AUSTRALIANS who apply for credit in December are at a greater risk of being left with a black mark against their name.

Latest data from credit reporting agency Veda shows over the past five years the rate of credit defaults has risen in the December quarter.

Veda spokeswoman Belinda Diprose says consumers often turn to credit at Christmas time to help fund their excessive festive spending.

"What happens to these people in the new year is that there's an 8.5 per cent increase in the default rate," she says.

"This indicates people are overextending themselves and putting themselves into debt stress early in the new year."

Veda data also shows credit card application inquiries climbed by 10.3 per cent over the last five years in the December quarter.

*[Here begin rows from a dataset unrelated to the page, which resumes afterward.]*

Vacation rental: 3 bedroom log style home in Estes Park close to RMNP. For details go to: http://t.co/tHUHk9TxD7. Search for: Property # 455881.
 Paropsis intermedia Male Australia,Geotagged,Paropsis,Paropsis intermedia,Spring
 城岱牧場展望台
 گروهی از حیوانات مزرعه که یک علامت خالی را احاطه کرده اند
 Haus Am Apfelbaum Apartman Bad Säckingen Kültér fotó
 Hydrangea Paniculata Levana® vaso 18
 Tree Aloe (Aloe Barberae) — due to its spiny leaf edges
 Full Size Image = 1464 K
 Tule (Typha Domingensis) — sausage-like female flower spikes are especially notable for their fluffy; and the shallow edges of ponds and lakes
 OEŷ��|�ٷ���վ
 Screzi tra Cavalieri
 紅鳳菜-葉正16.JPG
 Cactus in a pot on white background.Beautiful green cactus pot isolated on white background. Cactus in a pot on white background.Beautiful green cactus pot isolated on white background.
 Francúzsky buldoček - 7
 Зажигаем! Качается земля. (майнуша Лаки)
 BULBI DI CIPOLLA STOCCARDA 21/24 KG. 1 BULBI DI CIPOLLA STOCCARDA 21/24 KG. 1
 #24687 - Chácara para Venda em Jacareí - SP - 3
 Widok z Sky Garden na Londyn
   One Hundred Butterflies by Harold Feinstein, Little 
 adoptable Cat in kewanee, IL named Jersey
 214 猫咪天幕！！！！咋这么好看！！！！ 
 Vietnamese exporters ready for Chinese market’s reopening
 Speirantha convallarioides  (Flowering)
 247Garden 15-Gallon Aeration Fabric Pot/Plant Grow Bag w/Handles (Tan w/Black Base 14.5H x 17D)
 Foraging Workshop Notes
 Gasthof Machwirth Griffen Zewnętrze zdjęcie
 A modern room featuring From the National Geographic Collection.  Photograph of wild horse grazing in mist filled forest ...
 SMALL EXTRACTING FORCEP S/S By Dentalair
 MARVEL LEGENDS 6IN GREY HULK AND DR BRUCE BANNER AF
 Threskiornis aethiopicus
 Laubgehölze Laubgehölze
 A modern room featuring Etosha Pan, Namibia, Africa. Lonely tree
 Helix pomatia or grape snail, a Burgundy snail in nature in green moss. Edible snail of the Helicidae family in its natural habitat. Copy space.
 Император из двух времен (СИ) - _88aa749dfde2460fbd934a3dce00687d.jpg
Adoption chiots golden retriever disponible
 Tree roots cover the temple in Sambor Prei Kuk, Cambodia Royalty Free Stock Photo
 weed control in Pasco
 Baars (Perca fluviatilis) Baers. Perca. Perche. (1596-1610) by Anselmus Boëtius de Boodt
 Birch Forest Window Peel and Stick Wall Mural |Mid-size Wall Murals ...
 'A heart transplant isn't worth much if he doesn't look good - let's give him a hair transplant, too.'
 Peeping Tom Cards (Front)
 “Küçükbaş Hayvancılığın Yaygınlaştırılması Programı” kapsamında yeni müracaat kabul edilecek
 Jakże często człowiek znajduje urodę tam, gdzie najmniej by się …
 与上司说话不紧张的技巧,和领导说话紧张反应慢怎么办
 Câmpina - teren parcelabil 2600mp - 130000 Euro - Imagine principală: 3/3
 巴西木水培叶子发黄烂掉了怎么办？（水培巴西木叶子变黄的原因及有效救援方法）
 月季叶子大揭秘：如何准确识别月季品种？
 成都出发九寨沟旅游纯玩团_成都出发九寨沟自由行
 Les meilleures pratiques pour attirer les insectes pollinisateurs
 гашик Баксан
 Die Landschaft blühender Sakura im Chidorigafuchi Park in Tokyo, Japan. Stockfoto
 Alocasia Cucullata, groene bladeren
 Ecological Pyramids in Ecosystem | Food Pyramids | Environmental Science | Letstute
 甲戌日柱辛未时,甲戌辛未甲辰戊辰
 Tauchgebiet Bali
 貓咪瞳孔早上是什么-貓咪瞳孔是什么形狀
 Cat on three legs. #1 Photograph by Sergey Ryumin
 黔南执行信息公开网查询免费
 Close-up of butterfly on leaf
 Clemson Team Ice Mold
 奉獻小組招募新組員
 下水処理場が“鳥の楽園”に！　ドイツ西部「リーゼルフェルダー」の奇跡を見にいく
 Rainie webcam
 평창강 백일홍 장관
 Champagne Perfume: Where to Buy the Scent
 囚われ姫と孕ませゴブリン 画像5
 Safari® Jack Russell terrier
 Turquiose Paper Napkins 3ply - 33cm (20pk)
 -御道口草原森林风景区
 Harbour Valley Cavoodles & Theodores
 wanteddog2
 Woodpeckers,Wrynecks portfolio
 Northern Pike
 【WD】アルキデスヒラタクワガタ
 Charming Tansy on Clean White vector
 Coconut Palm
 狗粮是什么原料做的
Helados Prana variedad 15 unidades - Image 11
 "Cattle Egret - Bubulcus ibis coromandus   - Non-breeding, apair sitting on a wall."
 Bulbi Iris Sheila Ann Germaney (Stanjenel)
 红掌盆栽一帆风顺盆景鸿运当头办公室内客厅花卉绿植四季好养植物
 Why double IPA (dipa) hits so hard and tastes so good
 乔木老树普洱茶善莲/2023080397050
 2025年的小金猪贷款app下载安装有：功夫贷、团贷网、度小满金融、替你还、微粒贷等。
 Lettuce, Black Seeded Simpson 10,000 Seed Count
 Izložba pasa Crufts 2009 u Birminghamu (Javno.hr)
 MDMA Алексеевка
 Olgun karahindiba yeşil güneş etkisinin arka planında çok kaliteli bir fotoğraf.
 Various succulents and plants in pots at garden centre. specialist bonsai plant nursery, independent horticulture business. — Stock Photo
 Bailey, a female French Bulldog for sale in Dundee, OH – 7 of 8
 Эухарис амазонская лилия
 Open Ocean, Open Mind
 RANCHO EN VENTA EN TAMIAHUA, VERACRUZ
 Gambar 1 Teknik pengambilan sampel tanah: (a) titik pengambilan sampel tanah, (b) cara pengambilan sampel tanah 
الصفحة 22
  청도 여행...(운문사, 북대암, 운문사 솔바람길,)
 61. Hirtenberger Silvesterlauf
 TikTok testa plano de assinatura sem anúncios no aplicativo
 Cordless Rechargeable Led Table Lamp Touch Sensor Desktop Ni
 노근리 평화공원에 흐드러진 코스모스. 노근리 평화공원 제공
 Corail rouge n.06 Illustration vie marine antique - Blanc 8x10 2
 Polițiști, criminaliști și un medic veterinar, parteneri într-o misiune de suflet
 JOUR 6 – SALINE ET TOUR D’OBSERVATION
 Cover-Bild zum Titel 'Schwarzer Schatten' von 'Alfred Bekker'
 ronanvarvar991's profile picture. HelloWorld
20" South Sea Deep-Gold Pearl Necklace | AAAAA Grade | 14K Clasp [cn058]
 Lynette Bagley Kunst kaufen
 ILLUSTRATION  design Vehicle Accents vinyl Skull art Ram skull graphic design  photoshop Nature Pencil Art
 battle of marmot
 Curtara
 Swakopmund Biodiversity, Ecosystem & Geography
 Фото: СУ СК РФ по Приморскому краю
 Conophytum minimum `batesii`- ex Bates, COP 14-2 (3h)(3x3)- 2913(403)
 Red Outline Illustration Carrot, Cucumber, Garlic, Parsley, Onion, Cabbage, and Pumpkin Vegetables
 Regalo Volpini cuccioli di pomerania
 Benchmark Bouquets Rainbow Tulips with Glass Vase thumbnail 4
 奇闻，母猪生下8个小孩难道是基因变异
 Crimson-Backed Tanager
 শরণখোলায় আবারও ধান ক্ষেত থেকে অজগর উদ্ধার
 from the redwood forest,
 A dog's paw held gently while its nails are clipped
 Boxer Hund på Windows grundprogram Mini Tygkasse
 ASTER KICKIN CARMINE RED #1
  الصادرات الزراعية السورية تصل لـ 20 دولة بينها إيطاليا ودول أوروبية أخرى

Diprose says credit defaults occur when a customer fails to meet a payment that is more than $100 and is at least 60 days overdue.

This can extend to mortgage repayments, car loans, personal loans and utility bills.

Despite a drop in credit application inquiries - which fell by 5.6 per cent between January and October - Diprose says consumers should avoid overspending during the Christmas period and reduce their risks of running into financial trouble in 2013.

"It's easy to get caught up in spending, so it's really important for people to keep a handle on the amounts they are spending," she says.

"I don't think people realise the long-term impacts on their credit history if they do have a default.

H&Y have specialist consultants dealing with credit defaults and refinancing. Make sure you talk to us before the problem gets out of hand. Some handy tips from reporting agency, Veda:


* There are so many cards and loans on offer so ensure you research which one is best for you.

* Make a list of your credit card spending and crosscheck it with your budget.

* Keep a handle on what you owe.

* Pay on time and save interest charges.

* Stay up to date with your credit rating.